If we want to use the count regression approach (which is more suitable), the spatial eigenvector mapping approach is the tool at hands. Unfortunately, it is again computational intense.
sevmPoiss <- ME(sumChargingPoints ~ sqrt(pop_total), data=popChargingCleaned, family=poisson, zero.policy = TRUE, listw=pop.lw)

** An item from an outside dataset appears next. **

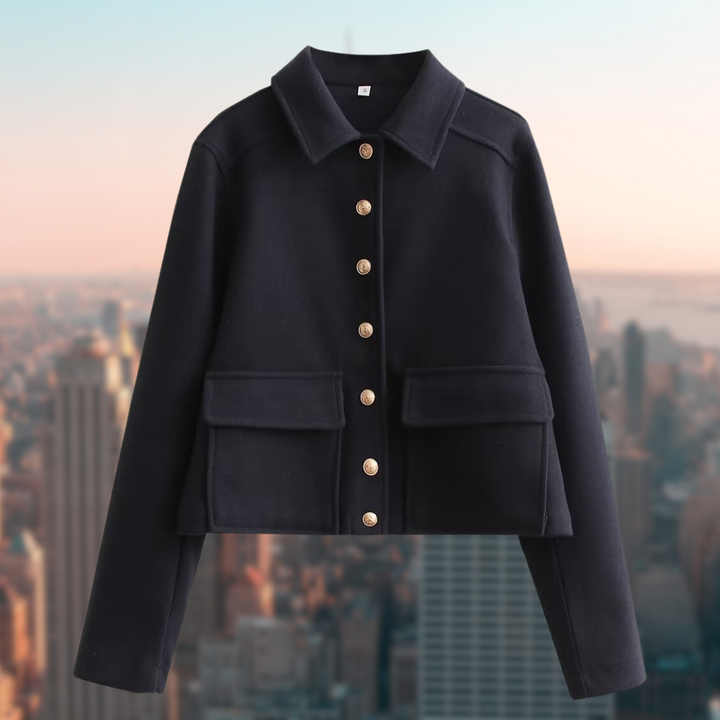 Levoire | Veste Décontractée Pour Femme En Look Laine Pour L'Automne Noir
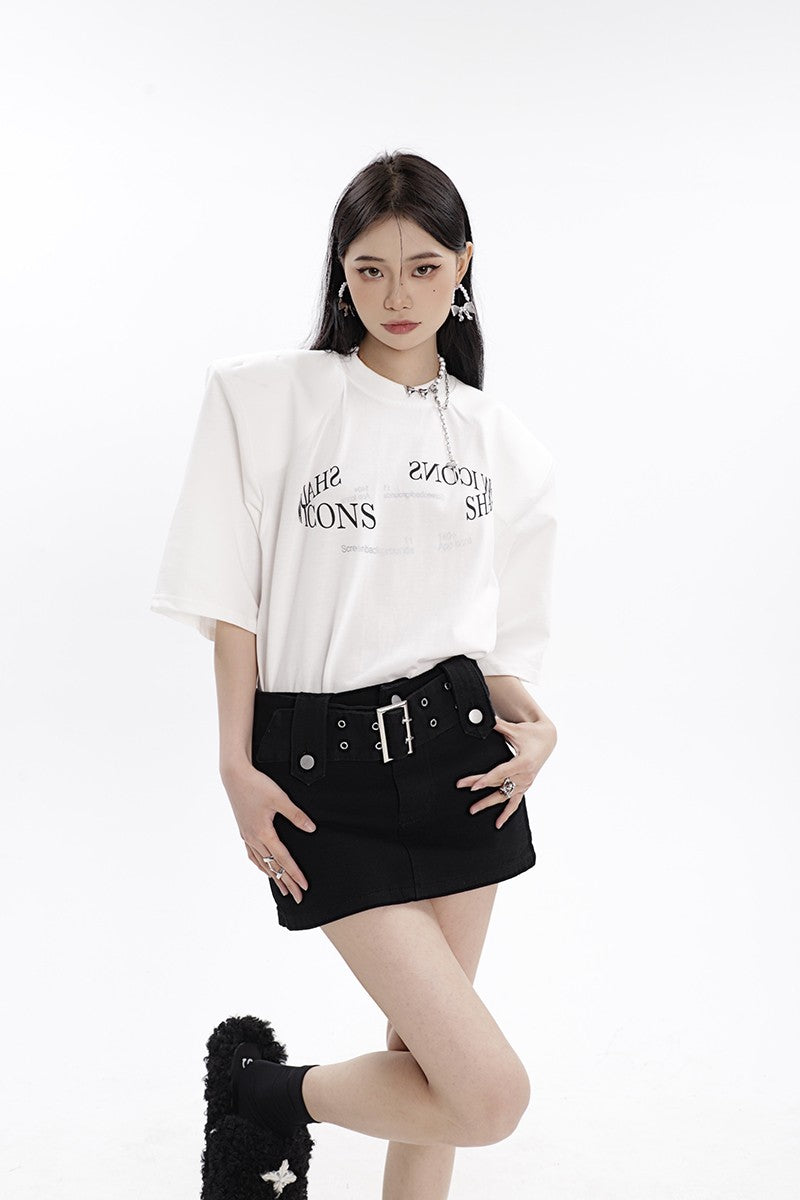 klia High Waist A-Line Denim Skirt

## Warning: glm.fit: fitted rates numerically 0 occurred
## Warning: glm.fit: fitted rates numerically 0 occurred
## Warning: glm.fit: fitted rates numerically 0 occurred
## Warning: glm.fit: fitted rates numerically 0 occurred
## Warning: glm.fit: fitted rates numerically 0 occurred
## Warning: glm.fit: fitted rates numerically 0 occurred
## Warning: glm.fit: fitted rates numerically 0 occurred
## Eigenvector ZI pr(ZI)
## 0 NA NA 0.01
## 1 695 NA 0.01
## 2 118 NA 0.01
## 3 617 NA 0.01
## 4 256 NA 0.01
## 5 539 NA 0.01
## 6 71 NA 0.01
## 7 814 NA 0.09
sevmPoissModel <- glm(sumChargingPoints ~ sqrt(pop_total) + fitted(sevmPoiss), data=popChargingCleaned, family=poisson)
summary(sevmPoissModel)
##
## Call:
## glm(formula = sumChargingPoints ~ sqrt(pop_total) + fitted(sevmPoiss),
## family = poisson, data = popChargingCleaned)
##
## Deviance Residuals:
## Min 1Q Median 3Q Max
## -9.4185 -0.5059 -0.3354 -0.2436 12.2322
##
## Coefficients:
## Estimate Std. Error z value Pr(>|z|)
## (Intercept) -3.523e+00 5.414e-02 -65.075 <2e-16 ***
## sqrt(pop_total) 5.607e-02 6.324e-04 88.663 <2e-16 ***
## fitted(sevmPoiss)vec695 6.257e-01 1.275e+00 0.491 0.624
## fitted(sevmPoiss)vec118 2.739e+01 1.510e+00 18.143 <2e-16 ***
## fitted(sevmPoiss)vec617 1.961e+01 1.701e+00 11.528 <2e-16 ***
## fitted(sevmPoiss)vec256 -1.990e+01 1.571e+00 -12.666 <2e-16 ***
## fitted(sevmPoiss)vec539 -2.060e+01 1.257e+00 -16.386 <2e-16 ***
## fitted(sevmPoiss)vec71 -3.895e+01 1.939e+00 -20.093 <2e-16 ***
## fitted(sevmPoiss)vec814 -1.679e+01 1.809e+00 -9.282 <2e-16 ***
## ---
## Signif. codes: 0 '***' 0.001 '**' 0.01 '*' 0.05 '.' 0.1 ' ' 1
##
## (Dispersion parameter for poisson family taken to be 1)
##
## Null deviance: 16759.2 on 5095 degrees of freedom
## Residual deviance: 4950.9 on 5087 degrees of freedom
## AIC: 5739.9
##
## Number of Fisher Scoring iterations: 6
Presumably we have missed a lot of other predictors that are now partially absorbed into different eigenvectors. It might be worth to plot and investigate the eigenvectors that made it into the model. Therefore, we attach the selected eigenvectors to the sf object and plot them.
Most selected spatial eigenvectors represent rather short ranges spatial autocorrelation pattern which represent presumably the spillover effects that we captured in the spatial lag modell. In addition we see two relatively long ranging spatial structure (vec 71, 118 and 256).
Try the following changes to the analysis:
How do the estimated regression coefficients change if the 8-nearest neighbors are used in the idw version both for the spatial lag and the spatial lagged X model?
Rerun the analysis using the data from Berlin. The population data is stored in the geopackage Berlin.gpkg, the name of the layer is population.